Die oben können nicht auf alte Weise regieren. Die unten wollen nicht mehr auf alte Weise leben. Es erhöht sich beträchtlich die Aktivität der Massen, die sowohl durch die gesamte Krisensituation als auch durch die oben, zum selbstständigen historischen Auftritt gereizt werden.

Drei Anzeichen einer revolutionären Situation, die einst vom Genossen Lenin abgeleitet wurden. Das ist wohl der bekannteste Versuch einen spontanen Aufstand in den Lauf des gesetzmäßigen und prognostizierbaren zu überführen.

Tatsächlich erklärte eben jener Iljitsch im Januar 1917 im Züricher Volkshaus auftretend: „Wir Alten werden vielleicht die entscheidenden Kämpfe der heranreifenden Revolution nicht erleben.“ Doch bereits nach etwas mehr als einem Monat brach die Februarrevolution herein, die für den bolschewistischen Theoretiker komplett unerwartet kam …

Doch der längst vergangene Lenin’sche Epic Fail hält die Interessierten nicht davon ab, den revolutionären Prozess zu zerlegen. Einschließlich der vielzahligen Armee ukrainischer Experten, Analysten, Publizisten und Blogger. Nicht das erste Jahrzehnt versuchen wir, eine Maidan-Formel abzuleiten. Dessen Hauptbestandteile von zweitrangigen und nichtexistenten zu trennen. Und, mit dem erhaltenen Wissen gerüstet, die Größenordnung und den Erfolg von Massenprotesten zu prognostizieren.

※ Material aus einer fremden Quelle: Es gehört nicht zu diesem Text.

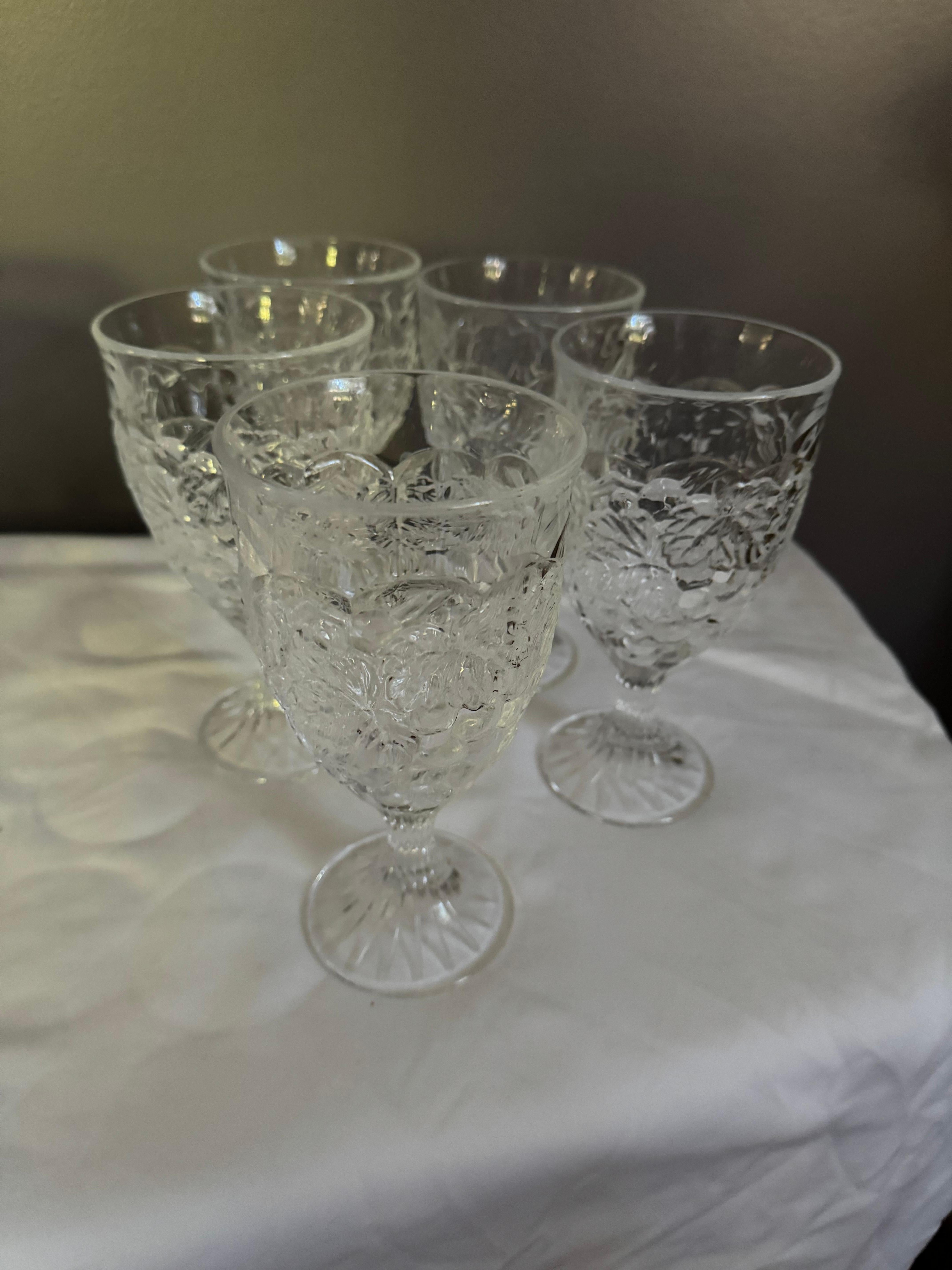 Bicchieri da tè e da vino Noritake Clear Arbor d'epoca - Bicchieri di cristallo in vendita 3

Heute ist die Aufmerksamkeit der Theoretiker auf die Reaktion der Straße auf die Se!Diplomatie gerichtet. [Se = Präsident Wolodymyr Selenskyj, A.d.Ü.]

Jedem steht es frei zu beweisen, warum die Proteste gegen die „Steinmeier-Formel“ in einer Reihe mit den siegreichen Maidanen der Jahre 2004 und 2013-2014 stehen. [Die nach Ex-Außenminister Frank-Walter Steinmeier benannten „Formel“ regelt grob die zeitliche Abfolge für den Erhalt eines Sonderstatus für die ostukrainischen Separatistengebiete, sollten dort dereinst demokratische Wahlen nach ukrainischem Recht abgehalten werden. A.d.Ü.]

Oder im Gegenteil: warum die aktuellen Aktionen zum Schicksal des nicht erfolgreichen „Sprachmaidans“ der Zeit Janukowitschs(Kiwalow-Kolesnitschenko-Sprachgesetz – Das Aus für das Ukrainische?) oder des gescheiterten „Micho-Maidans“ der Epoche von Poroschenko(Drei Fallen für die Ukrainer) verurteilt sind.

Leider Gottes krankt die einheimische Maidan-Kunde an einem wesentlichen Schönheitsfehler.

Rückblickend präparieren wir mit Leichtigkeit einen erfolgreichen oder nicht erfolgreichen Protest. Doch die aus der vergangenen Erfahrung abgeleitete Formel, erleichtert aus irgendeinem Grunde nicht die Vorhersagbarkeit der Zukunft.

Es reicht sich daran zu erinnern, dass nach 2004 als Unterpfand für den Sieg ein Faktor gesehen wurde, der den ersten Maidan prinzipiell vom zweiten unterscheidet.

Knapp zehn Jahre rühmte sich die Ukraine einer friedlichen Revolution mit Liedern, Tänzen und Blumen für die Berkut. [Inzwischen aufgelöste Sondereinheit der ukrainischen Polizei. A.d.Ü.]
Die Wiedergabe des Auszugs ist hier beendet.